Konfrontasi fisik pecah ketika pasukan keamanan dengan perlengkapan tempur lengkap mencoba merangsek masuk ke dalam gedung. Jurnalis Al Jazeera, Jamela Alindogan, melaporkan adanya sekitar 15 kali letusan senjata yang memaksa petugas dan warga di lokasi untuk mundur serta melakukan evakuasi.
Menteri Dalam Negeri Filipina, Juanito Victor Remulla, memberikan penjelasan bahwa pengawal Senat sempat melepaskan tembakan peringatan. Hal ini dilakukan karena adanya sejumlah pria bersenjata yang tidak teridentifikasi mencoba mendaki tangga gedung tersebut.
Meskipun situasi sempat memanas, pihak kepolisian mengonfirmasi bahwa tidak ada korban jiwa dalam peristiwa baku tembak tersebut. Para senator yang berada di lokasi segera membentengi diri di dalam ruang kerja masing-masing untuk menghindari peluru nyasar.
Brigadir Jenderal Randulf Tuano selaku juru bicara Kepolisian Nasional Filipina menyatakan bahwa satu tersangka telah diamankan di lantai dua gedung. Dari tangan pria tersebut, petugas menyita sejumlah amunisi dan kini tengah melakukan pemeriksaan residu tembakan.
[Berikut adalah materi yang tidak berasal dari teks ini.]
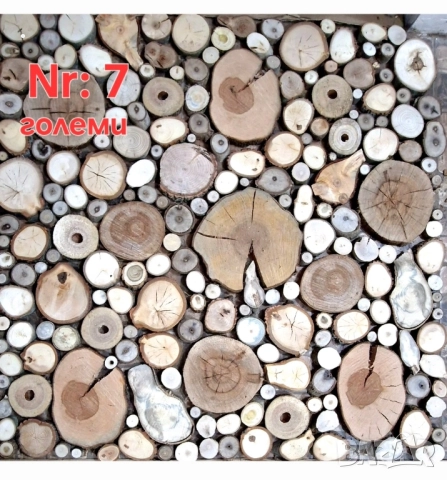 дървени шайби за облицовка на стени, снимка 2 - Декорация за дома - 51615568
Ketegangan mereda setelah Presiden Senat Filipina, Alan Peter Cayetano, mengumumkan bahwa Dela Rosa sudah tidak berada di area gedung legislatif. Informasi kepergian Dela Rosa dikonfirmasi melalui pesan singkat dari istri sang senator kepada Cayetano.
Hingga saat ini, lokasi keberadaan terbaru Dela Rosa masih menjadi misteri. Cayetano secara tegas membantah adanya tudingan yang menyebutkan bahwa pihak pimpinan Senat membantu pelarian sang senator dari kejaran agen pemerintah.